The FR-5 material, on the other hand, lacks the PCB’s resistance to high voltages and is thus not as reliable in some applications.
Step 2: Choose the Right Material
When choosing the right material for your high voltage resistor, you need to take note of the operating voltage and the material’s operating temperature.
For example, the PCB material is most commonly used at temperatures below -20ºC.
The CSR and PCB have the advantage of being able to withstand high voltages and high temperatures, respectively.

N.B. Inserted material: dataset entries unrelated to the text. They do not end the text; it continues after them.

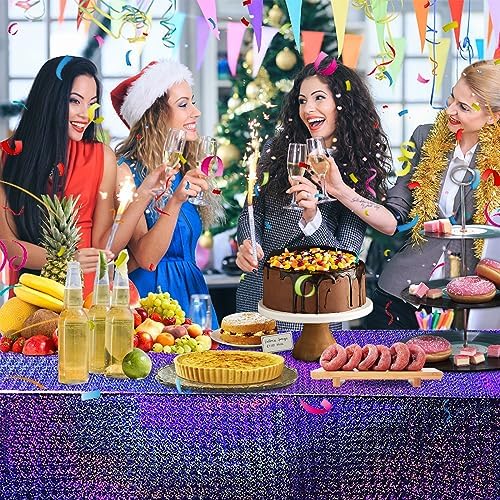BOMSI Iridescent Laser Table Cover Purple 4PCS
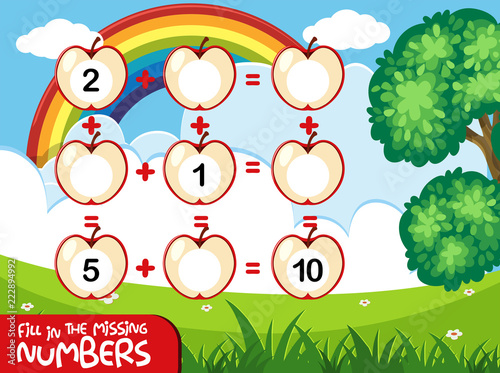 Fill in the missing numbers apple concept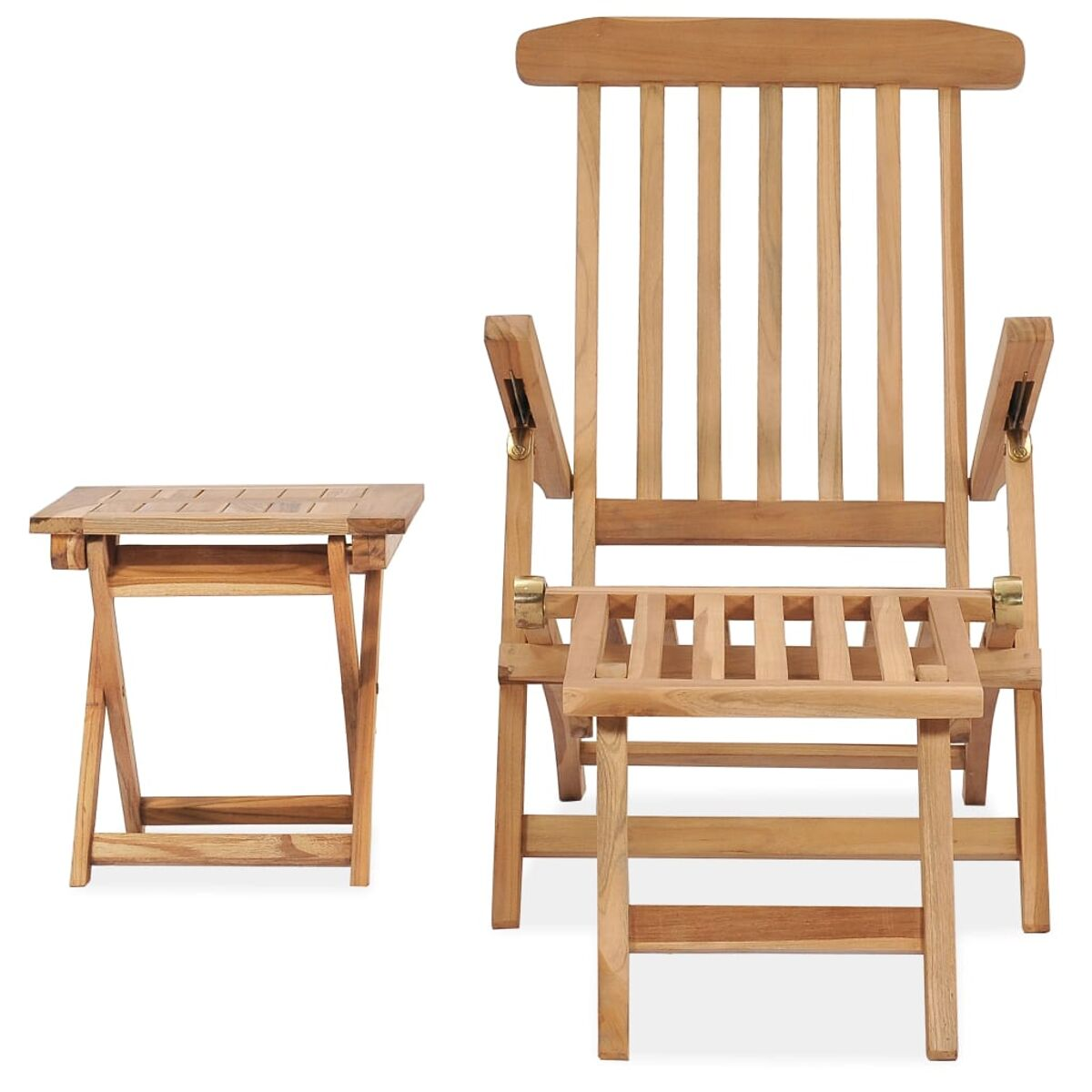 Holzstuhl und passender Klapptisch auf weißem Hintergrund.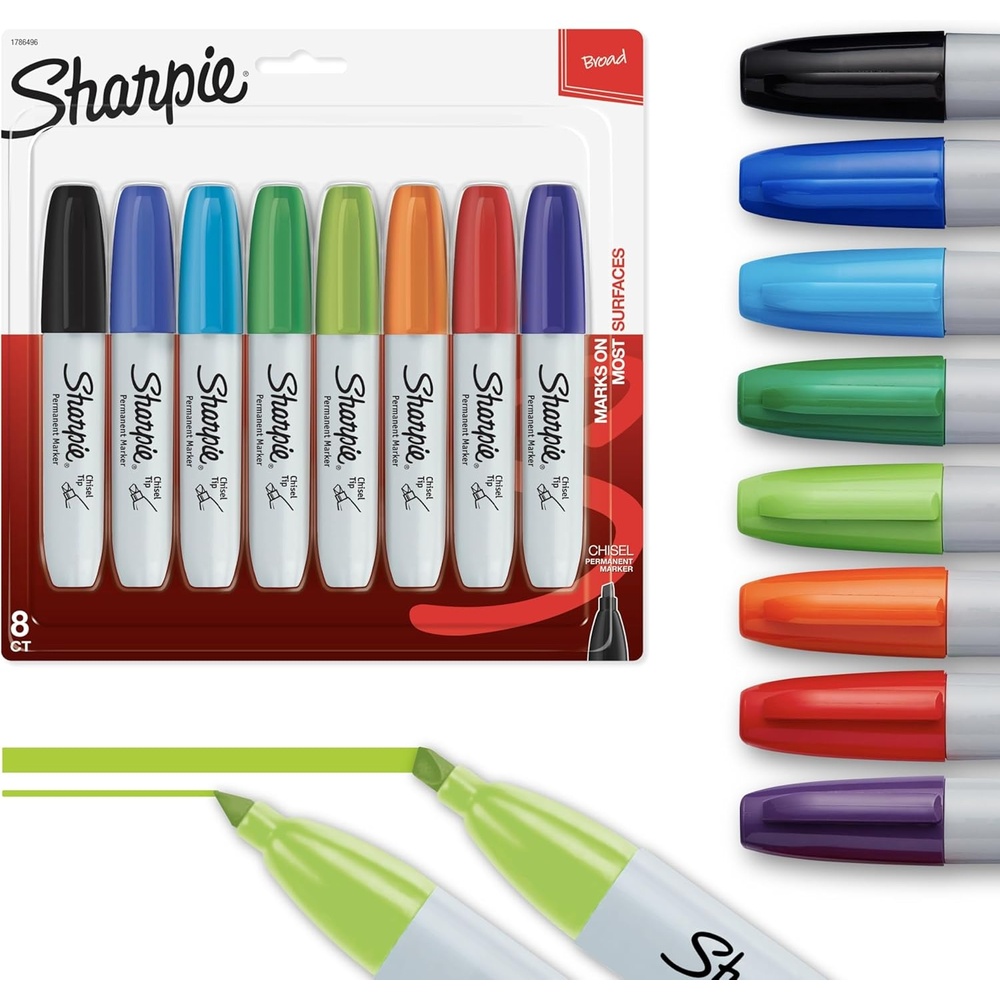 image:imageSharpie Permanent Chisel Tip Marker Set Poster Markers for Wood Plastic and More 8 Count8ct Assorted Chisel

A relatively new type of material is the FR-5 polymer with a metal core.
The polymer is cheaper than the PCB and FR-5 PCB materials and is often used at higher operating temperatures.
However, it is not as durable as the PCB or FR-4 and can be damaged by moisture.

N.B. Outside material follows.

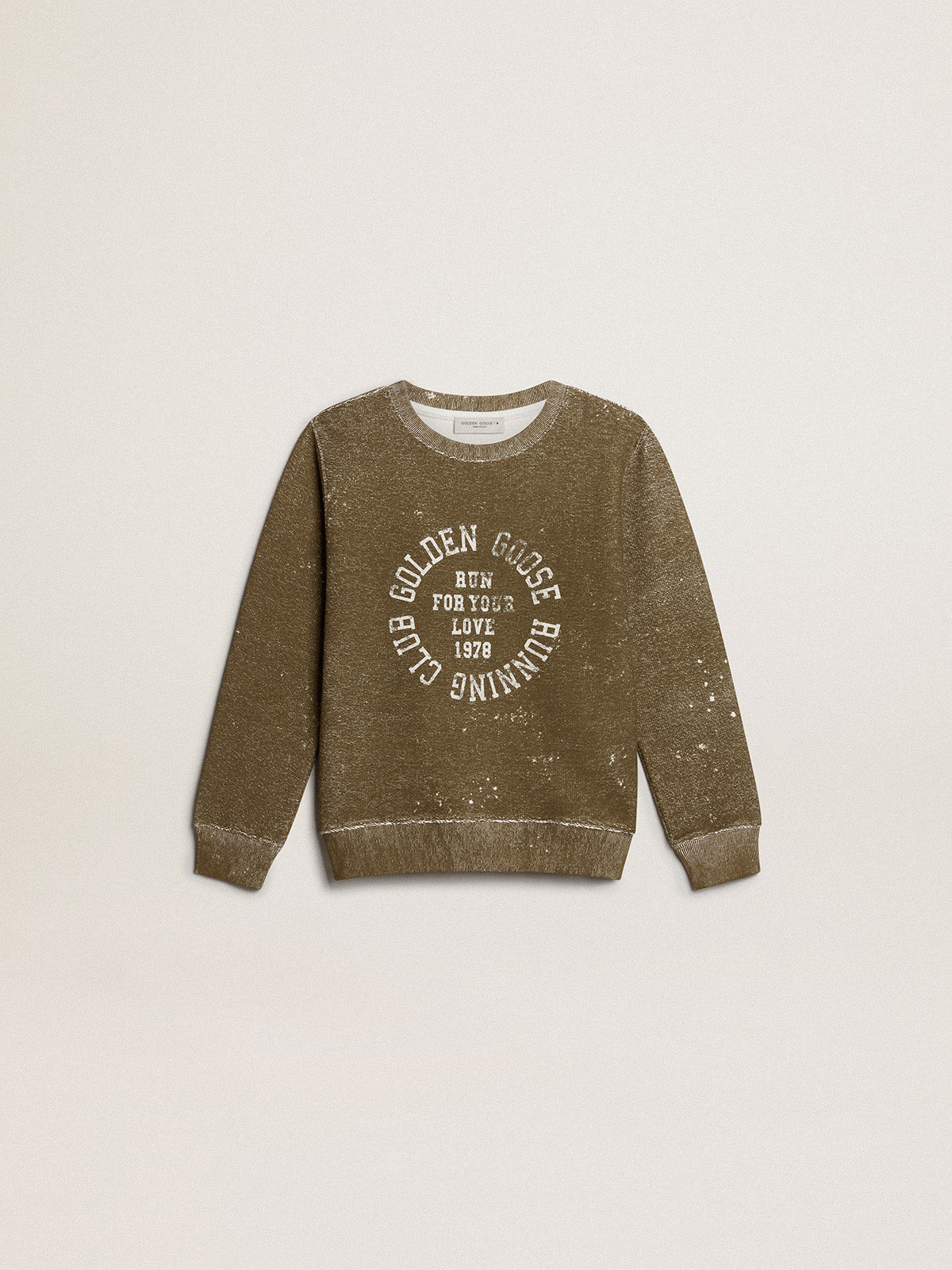Boys' vintage-effect beech-colored cotton sweatshirt| Golden Goose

When choosing the right material for your high voltage resistor, you need to take note of the operating voltage and the material’s operating temperature.
Step 3: Calculate Capacitance and ESR
Resistors have a certain amount of capacitance, which affects their frequency and impedance.
The ESR (Equivalent Series Resistance) value is the equivalent resistance of the capacitance and is quite important, as it accounts for the DC component of the impedance.
Capacitance is measured in picofarads (pF) or millifarads (mF).
In most cases, the 1% tolerance of the capacitor is more than enough for a high voltage resistor.
The ESR is the equivalent resistance of the capacitance and is quite important, as it accounts for the DC component of the impedance.
Step 4: Add Parts to Create a Schematic Board Template
Once you’ve identified the components, calculate their values, and chosen a material for your high voltage resistor, it’s time to put them together on a schematic board template.
The schematic board template is a standard layout of solderless breadboards that are used to design electronics circuits.
The layout should have a column of components on the left and a column of power rails on the right.
There are a few things to keep in mind while designing a schematic board template.
First, you need to make sure that the components are placed properly and are within the recommended footprint of the power rails.
Second, you need to make sure that the components are powered with lower voltages.
Lastly, you need to make sure that the circuit is protected from any high voltages that might be present.